As Quinn said afterwards, ‘The drugs are free and the dealer is funny.’

It was a really incredible experience. I’m so glad I went, and I’m so glad that Angie and Quinn are also happy they attended. We’re so going back for more.

The Waffle Master finds his happiness through Buddhist MeditationTM.
Shouldn’t you?

Johnny Karma and the Fundamentalist Buddhists

I’ve never considered myself a particularly spiritual person, so I have surprised myself in the last week by finding something deep within myself that was previously unexposed.
I’ve changed my diet.
I’ve changed my attitude to what makes me happy.
I’ve changed my approach to how I deal with other people.
I’ve changed my approach to life.
I’ve changed my underwear.

I think it came about from my obsession with having enough money. I’ve been struggling with this since I can remember. I’ve never wanted to be outrageously wealthy, but I’ve always been concerned about running out of money or losing the things that I possess.
I stumbled upon this thread about Buddhism on the forum of The Ornery American. Adam Masterman is clearly a practising Buddhist, and his posts made a lot of sense. In particular he says that the Buddhist attitude towards wealth is: “If it comes, that’s fine. If it goes, that’s fine.”
My problem is that I’ve never believed that before. My perception has always been, “If it comes, that’s fine. If it goes, that sucks.” But the Adam explained things so well that I was inspired to do a little more digging. I found an introductory course on Buddhism and eagerly devoured the information.

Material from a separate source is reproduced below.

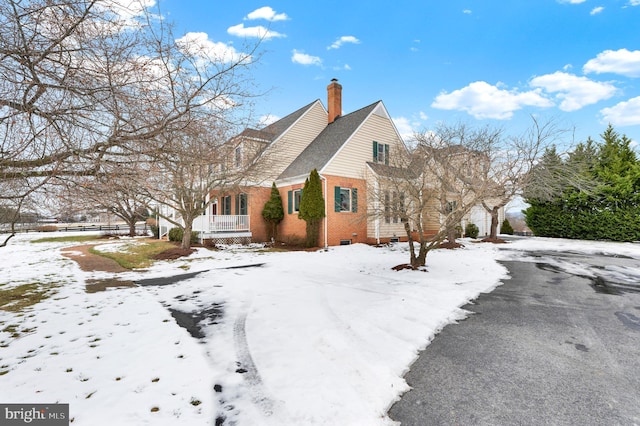 view of snow covered exterior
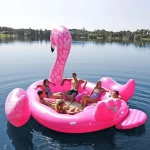 New Design Inflatable Water Float Lounge Raft 6 Person Flamingo Island 6 person bird party island in Stock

There’s a lot of gobbledy-gook. A whole bunch of the stuff just doesn’t make much sense to me at the moment. What I like about the philosophy is that it doesn’t matter if you don’t get it all or don’t want to buy into the teachings. A skeptical and critical attitude is actively encouraged. Buddhists don’t want you to take anything on faith and just believe that what they say goes. Instead they say, this is how it is — experiment using logic and see whether or not you agree. Even if you don’t agree, keep experimenting.

If only I’d realised how scientific Buddhism was, I’d have been more spiritual a long time ago. It’s a pseudo-scientific philosophy! Kind of like Intelligent Design (ID) is pseudo-scientific. Uh…
ID is certainly not logical though. If an intelligent designer designed everything, then who designed the intelligent designer? (I much prefered the word “god,” because that’s only three letters to type when debating online).

Ok, so there are unresolved problems. Still, Buddhism really is one kick-ass way to live because you don’t kick-ass, and that’s kick-ass.
Ask Johnny Karma if you don’t believe me.